Minnesota legislators have introduced a new bill that would undo the state high school league's controversial transgender athlete policy.
In December the Minnesota State High School League adopted a policy that allows transgender student-athletes to play on the sports teams and use the locker rooms that best align with their gender identity. For example, a female athlete who identifies as a male could play on a boy's team and use the boy's locker room.
The locker room issue in particular incensed a heated debate across the state. A group that opposed the policy even took out a full page advertisement in the Minneapolis Star Tribune to voice its opinion.
As the Fargo Forum reports, State Rep. Tim Miller, R-Prinsburg, introduced the bill which says any restroom, locker room or shower "be designated for the exclusive use by students of the male sex only or by students of the female sex only."
It also specifies rules against males playing on female teams. "Students of the male sex may not try out for or participate on that team," the bill says, referring to female teams.
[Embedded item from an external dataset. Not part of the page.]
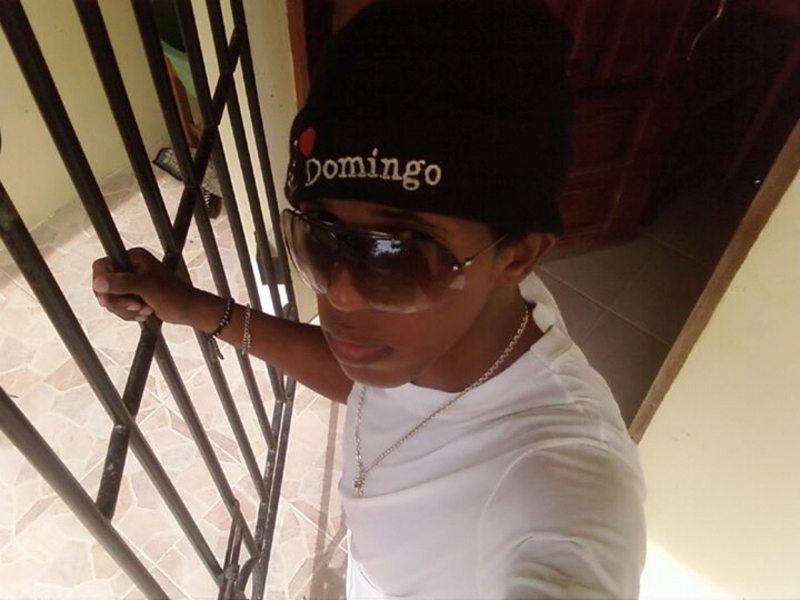 Date this happy Dominican Republic man Leonardo from Santo Domingo DO20650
"I think that [the Minnesota State High School League's] message was not real clear, and confusing, and I think it was an issue that needed to be brought to the Legislature," Miller said.
Under Miller's bill, gender is strictly defined as a "physical condition," which is determined by chromosomes and "is identified at birth by a person's anatomy."
"We think it's a common-sense issue," said Sen. David Brown, R-Becker, who is sponsoring the bill in the state Senate. "The vast majority of Minnesotans who have been polled are in support of not allowing the biological sexes to be mixed in these environments."
Of course others disagree. The group Outfront Minnesota calls it an "attack" on LGBTQ Minnesotans.
"I think the bill really kind of closes its eyes to the real experience of what it means to be transgendered in our schools and how difficult that really is," Sen. Scott Dibble, DFL-Minneapolis, said. "I think it just makes that so much more difficult."
It's unclear whether the House or Senate sponsors will get hearings for their bills beofre the first committee deadline on March 20.